[[ Provided information, beginning ]]

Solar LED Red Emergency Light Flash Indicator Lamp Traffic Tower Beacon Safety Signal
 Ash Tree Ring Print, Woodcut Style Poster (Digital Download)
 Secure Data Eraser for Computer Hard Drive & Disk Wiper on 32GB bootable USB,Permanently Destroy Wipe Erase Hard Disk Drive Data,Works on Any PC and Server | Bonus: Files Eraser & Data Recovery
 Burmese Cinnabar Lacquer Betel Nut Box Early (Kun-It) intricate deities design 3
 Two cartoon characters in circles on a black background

[[ Provided information, end ]]

Every line of the listing is to be returned exactly as written.

Result for this exercise –
Solar LED Red Emergency Light Flash Indicator Lamp Traffic Tower Beacon Safety Signal
 Ash Tree Ring Print, Woodcut Style Poster (Digital Download)
 Secure Data Eraser for Computer Hard Drive & Disk Wiper on 32GB bootable USB,Permanently Destroy Wipe Erase Hard Disk Drive Data,Works on Any PC and Server | Bonus: Files Eraser & Data Recovery
 Burmese Cinnabar Lacquer Betel Nut Box Early (Kun-It) intricate deities design 3
 Two cartoon characters in circles on a black background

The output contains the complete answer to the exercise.